> [Source records]:
>>>

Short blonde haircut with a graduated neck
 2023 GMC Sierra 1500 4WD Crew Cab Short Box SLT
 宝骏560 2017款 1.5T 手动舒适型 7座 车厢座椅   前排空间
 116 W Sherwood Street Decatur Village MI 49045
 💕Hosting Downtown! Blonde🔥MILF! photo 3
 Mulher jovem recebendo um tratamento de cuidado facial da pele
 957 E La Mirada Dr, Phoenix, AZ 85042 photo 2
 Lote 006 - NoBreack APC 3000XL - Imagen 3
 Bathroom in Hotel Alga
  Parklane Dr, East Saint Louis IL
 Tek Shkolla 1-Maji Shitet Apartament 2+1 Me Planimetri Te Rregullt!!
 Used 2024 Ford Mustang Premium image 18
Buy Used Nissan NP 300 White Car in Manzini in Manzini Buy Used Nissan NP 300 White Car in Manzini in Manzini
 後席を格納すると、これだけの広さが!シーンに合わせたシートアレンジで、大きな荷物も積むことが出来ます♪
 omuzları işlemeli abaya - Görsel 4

<<<

> [Problem]: Using the records above, filter out every line that lacks the string "Used" and copy the rest.

> [Finished task]:
 Used 2024 Ford Mustang Premium image 18
Buy Used Nissan NP 300 White Car in Manzini in Manzini Buy Used Nissan NP 300 White Car in Manzini in Manzini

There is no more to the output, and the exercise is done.